Já, de cara, queremos deixar bem claro que não encaramos a adoção como um “ato de amor”, ou seja, como algum tipo de caridade, solidariedade ou com algum caráter assistencialista.

Entendemos a adoção como mais um encontro emocional, entre mulheres e homens dispostos, mais do que a qualquer coisa, de serem pais e mães. Por esse motivo, estamos aqui discutindo, antes de mais nada, o desejo profundo e verdadeiro de vivenciar a maternidade e a paternidade.

Há, neste caso, uma única diferença: a gestação aqui é emocional e, por isso, o encontro pode ser marcado assim… de repente. Pode até um dia ter data, horário, local e às vezes até ser possível conhecer as características físicas da criança antes da chegada, mas o tempo gestacional habitual de nove meses, pode ser aumentado em anos ou diminuído em dias.

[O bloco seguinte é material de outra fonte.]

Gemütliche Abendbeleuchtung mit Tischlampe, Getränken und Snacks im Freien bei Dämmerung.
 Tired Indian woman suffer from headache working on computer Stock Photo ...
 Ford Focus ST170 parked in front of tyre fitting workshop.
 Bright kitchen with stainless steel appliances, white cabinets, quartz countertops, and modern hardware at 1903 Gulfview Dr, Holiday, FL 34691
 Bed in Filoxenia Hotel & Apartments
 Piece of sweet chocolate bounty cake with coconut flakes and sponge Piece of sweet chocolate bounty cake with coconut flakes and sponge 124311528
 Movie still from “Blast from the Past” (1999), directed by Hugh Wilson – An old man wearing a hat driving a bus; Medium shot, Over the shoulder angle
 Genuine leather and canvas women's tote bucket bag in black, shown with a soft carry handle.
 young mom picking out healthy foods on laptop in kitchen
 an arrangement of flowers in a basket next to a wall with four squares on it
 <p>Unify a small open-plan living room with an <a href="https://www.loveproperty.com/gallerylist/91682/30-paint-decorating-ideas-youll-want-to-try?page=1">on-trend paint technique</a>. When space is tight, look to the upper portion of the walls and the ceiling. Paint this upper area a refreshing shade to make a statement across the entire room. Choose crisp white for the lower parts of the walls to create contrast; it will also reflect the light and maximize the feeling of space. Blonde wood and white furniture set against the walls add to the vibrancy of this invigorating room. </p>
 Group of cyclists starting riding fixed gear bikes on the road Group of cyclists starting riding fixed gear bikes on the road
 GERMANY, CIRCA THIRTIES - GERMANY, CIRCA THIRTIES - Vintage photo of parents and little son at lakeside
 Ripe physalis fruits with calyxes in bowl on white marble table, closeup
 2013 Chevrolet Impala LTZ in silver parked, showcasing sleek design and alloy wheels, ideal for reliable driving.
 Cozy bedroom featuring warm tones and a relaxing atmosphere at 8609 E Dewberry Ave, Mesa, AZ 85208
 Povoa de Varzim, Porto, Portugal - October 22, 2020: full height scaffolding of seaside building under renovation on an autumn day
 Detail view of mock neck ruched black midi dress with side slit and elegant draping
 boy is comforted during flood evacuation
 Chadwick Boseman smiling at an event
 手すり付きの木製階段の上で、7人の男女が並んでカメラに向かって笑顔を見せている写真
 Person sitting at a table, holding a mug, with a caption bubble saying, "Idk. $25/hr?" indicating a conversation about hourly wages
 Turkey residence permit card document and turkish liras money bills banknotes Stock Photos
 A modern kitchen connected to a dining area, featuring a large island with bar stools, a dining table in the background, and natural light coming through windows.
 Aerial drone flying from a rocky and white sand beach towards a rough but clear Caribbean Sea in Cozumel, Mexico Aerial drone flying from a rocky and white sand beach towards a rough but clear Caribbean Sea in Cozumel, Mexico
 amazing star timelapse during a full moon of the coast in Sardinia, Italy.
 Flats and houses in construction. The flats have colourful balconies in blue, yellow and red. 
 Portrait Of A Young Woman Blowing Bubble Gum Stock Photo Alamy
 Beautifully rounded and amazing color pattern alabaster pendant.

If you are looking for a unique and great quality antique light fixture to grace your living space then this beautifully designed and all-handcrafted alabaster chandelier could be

Independentemente do tempo físico de espera, a “gestação emocional” geralmente é sentida como infinita e carregada de fortes e intensas emoções. Na fase de espera por um telefonema ou um aviso, ter que lidar com os milhares de sonhos que já foram pensados e idealizados para aquele bebê que um dia chegará, pode ser uma tarefa nada fácil de administrar.

Algum tempo depois da chegada dessa criança, contar a “verdade” para seu filho sobre sua gestação emocional já é algo que começa a preocupar. “Será que ele vai sofrer? Será que sentirá o peso de uma ideia de rejeição? Será que vai querer conhecer esta história algum dia?”

Preocupações que qualquer pai e mãe têm, mas em medidas diferentes. Se mudarmos o foco e olharmos para nós, adultos e não para as crianças, perguntaríamos: como você se sente? Por que pode parecer tão difícil contar? O que teme? Como você entende a opção pela adoção? O que espera do seu filho? Etc..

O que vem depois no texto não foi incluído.